I was very impressed with Nick Clegg last week, his golden tie was a lovely image for him becoming the golden boy after his brilliant performance on last week’s debate. Although I was prepared to say that I would love to vote for Clegg based on the tie alone (I really loved the tie, I’m weird like that), I have to admit I am very curious to see if Clegg keeps up his performance tonight, especially as he will be facing some very tough questions in regards to the latest accusations in regards to Lib Dem party donations going through his bank account. Although I admit that Clegg and his party still lack the national support to have a chance at winning the election, it would if nothing else make the next few weeks exciting if he can build on his performance and put his stamp on the race rather than leaving it to be a two man marathon heading for disaster (also known as a hung parliament).

For the record, Cameron believes that a hung parliament will lead to economic disaster and quite possibly another Vulcano outbreak which will eventually lead to the end of the world.

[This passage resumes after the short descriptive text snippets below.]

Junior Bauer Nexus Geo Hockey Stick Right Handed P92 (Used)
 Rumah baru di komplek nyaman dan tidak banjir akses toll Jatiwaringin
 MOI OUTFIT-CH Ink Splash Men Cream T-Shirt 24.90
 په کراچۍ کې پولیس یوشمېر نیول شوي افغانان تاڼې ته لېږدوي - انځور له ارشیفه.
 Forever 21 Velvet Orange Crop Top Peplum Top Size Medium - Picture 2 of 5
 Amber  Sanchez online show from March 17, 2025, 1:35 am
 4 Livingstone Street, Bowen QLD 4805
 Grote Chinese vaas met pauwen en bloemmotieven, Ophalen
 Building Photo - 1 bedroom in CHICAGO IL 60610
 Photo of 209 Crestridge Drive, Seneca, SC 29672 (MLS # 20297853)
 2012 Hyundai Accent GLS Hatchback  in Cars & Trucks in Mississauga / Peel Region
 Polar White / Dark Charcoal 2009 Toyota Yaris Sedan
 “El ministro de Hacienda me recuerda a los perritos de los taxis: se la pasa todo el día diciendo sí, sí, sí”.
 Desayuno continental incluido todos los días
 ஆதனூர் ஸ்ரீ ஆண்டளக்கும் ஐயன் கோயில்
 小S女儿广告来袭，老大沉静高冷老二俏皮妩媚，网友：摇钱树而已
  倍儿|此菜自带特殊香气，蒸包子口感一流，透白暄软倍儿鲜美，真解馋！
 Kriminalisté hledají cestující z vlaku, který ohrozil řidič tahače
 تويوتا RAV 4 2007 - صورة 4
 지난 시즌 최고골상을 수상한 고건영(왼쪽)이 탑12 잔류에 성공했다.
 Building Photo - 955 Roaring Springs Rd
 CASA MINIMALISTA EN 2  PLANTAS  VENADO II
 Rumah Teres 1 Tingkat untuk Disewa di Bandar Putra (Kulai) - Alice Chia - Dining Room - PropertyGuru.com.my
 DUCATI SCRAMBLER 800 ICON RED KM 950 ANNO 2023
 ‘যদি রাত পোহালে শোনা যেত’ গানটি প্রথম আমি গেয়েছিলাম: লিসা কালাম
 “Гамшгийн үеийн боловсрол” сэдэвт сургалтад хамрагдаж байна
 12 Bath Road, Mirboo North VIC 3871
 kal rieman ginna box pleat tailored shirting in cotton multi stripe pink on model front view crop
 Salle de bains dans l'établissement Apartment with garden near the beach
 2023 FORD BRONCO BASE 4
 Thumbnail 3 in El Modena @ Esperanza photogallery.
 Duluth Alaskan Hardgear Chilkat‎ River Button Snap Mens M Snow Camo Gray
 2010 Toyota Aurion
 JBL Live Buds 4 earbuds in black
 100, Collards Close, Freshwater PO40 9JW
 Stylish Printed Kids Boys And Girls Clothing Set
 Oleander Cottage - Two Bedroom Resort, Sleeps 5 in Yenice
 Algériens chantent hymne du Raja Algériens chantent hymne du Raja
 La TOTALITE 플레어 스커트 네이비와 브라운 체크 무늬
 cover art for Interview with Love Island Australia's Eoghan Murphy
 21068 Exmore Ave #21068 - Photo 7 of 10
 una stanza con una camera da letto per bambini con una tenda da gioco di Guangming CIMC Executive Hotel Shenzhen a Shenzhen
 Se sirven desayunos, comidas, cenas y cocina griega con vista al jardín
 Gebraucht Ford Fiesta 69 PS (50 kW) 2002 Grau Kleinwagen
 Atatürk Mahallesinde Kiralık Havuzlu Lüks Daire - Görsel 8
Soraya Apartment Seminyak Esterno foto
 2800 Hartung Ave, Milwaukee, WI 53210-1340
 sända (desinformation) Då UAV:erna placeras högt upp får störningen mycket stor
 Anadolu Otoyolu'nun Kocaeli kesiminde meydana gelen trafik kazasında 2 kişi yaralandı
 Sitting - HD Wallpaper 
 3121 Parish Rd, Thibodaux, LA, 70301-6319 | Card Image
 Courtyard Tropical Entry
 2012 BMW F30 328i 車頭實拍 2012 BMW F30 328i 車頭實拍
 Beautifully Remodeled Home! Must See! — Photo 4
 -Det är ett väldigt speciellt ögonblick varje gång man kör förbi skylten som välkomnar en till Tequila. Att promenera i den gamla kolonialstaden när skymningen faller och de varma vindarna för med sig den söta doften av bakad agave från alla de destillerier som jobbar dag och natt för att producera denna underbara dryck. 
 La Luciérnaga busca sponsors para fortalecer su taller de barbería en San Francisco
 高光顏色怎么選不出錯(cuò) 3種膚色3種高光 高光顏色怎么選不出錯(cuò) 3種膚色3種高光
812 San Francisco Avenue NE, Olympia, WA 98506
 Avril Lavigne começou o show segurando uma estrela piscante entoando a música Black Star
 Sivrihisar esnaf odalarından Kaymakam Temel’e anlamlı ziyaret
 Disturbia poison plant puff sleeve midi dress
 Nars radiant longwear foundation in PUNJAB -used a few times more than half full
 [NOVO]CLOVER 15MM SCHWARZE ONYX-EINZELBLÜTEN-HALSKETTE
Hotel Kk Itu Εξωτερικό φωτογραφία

Well if he’s that worried about our future, he could always drop out of the race and save us that way rather than attempting to scare people into voting for him.

Sil, x

What’s your favourite song to have sex to?

April 14, 2010

Or should that be make loveee. Well if your answer is Boyz 2 Men – I’ll Make Love To You, then you’re defintively one of those people who like taking it slow, and kissing your partner slowly as you both climax. Lovely little fairy tale that, BORING.

Now lets talk about the songs that make you want to get down and dirrty, not the Marvin Gaye songs you put on to put you in the mood, but the songs that you hear when you’re in the car and it makes you instinctively grab your boyfriend’s cock and make him pull over.

I’m talking LL Cool J – Doin’ it (not only is the song sexy as hell, but Mr Todd Smith himself is sex on legs), TLC – Red Light Special (no one sings about sex the way TLC did, Left Eye we miss you) or even Another Level – Freak Me (ignore the band, but you listen to those words now). Either one of those songs would make me want to jump on the nearest person I felt an attraction to.

I have to admit though that if I do jump you after hearing LL’s sexy ass voice on the radio, chances are it’s not you I’ll be thinking about as you’re doing me hard from behind, but please just be grateful I don’t scream out his name in ecstasy (I promise, I’ll be trying my hardest not to).

The one thing I don’t get is lighting a few candles and putting on some sexy music when you know you’re about to get down and (maybe not to my extent) dirrty with your other half. Maybe because I don’t particularly like having sex in the bedroom and turning the whole thing into a well scheduled meeting, but prefer the more direct jumping on each other approach where if you’ll be lighting candles it’s only so you can get the feeling of hot wax dripping onto your skin (there is nothing wrong with a bit of pain [nothing at all as it goes]). I understand the sensuality behind it, and I understand why to a lot of people it’s quite sexy and can make the whole experience more enjoyable, but I’d rather just get fucked hard and come harder.